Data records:
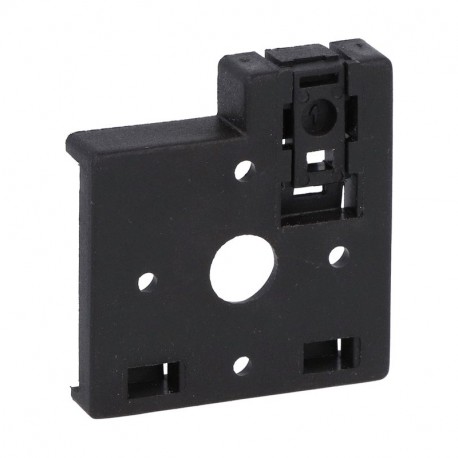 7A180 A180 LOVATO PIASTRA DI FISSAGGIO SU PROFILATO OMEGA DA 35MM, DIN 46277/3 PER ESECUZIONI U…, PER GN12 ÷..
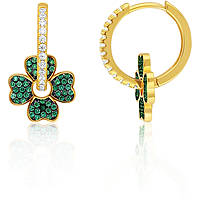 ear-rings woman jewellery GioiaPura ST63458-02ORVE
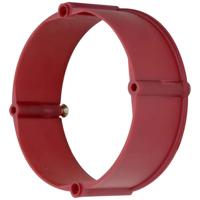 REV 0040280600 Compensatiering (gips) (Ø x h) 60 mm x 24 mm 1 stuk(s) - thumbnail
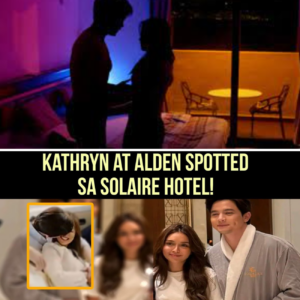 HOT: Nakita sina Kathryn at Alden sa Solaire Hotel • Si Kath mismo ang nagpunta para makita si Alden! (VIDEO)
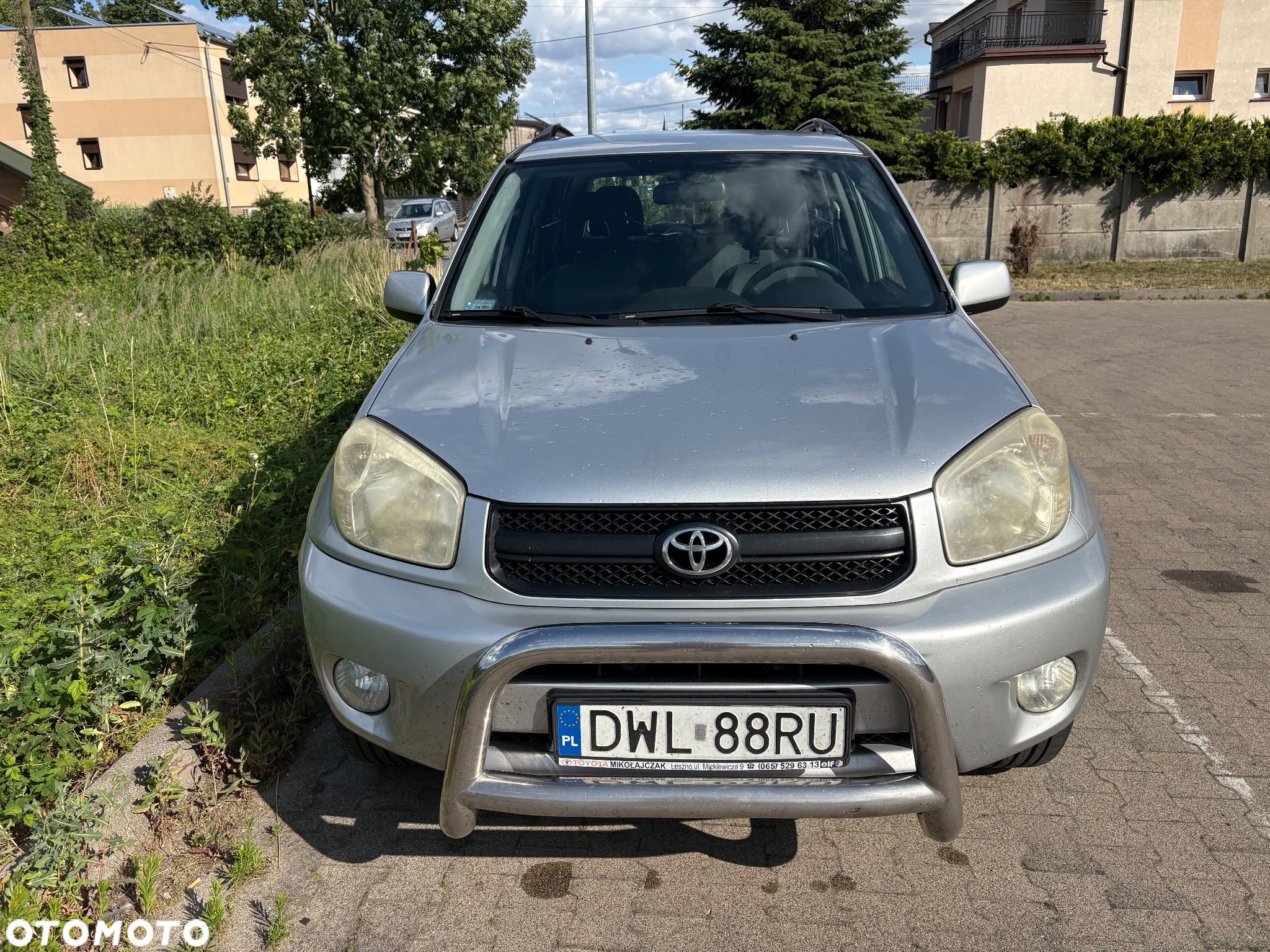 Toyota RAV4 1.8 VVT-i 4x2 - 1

## TASK DESCRIPTION:
Would you set down every line of the data above exactly, skipping the pictures?

## THE COMPLETED TASK:
 7A180 A180 LOVATO PIASTRA DI FISSAGGIO SU PROFILATO OMEGA DA 35MM, DIN 46277/3 PER ESECUZIONI U…, PER GN12 ÷..
 ear-rings woman jewellery GioiaPura ST63458-02ORVE
 REV 0040280600 Compensatiering (gips) (Ø x h) 60 mm x 24 mm 1 stuk(s) - thumbnail
 HOT: Nakita sina Kathryn at Alden sa Solaire Hotel • Si Kath mismo ang nagpunta para makita si Alden! (VIDEO)
 Toyota RAV4 1.8 VVT-i 4x2 - 1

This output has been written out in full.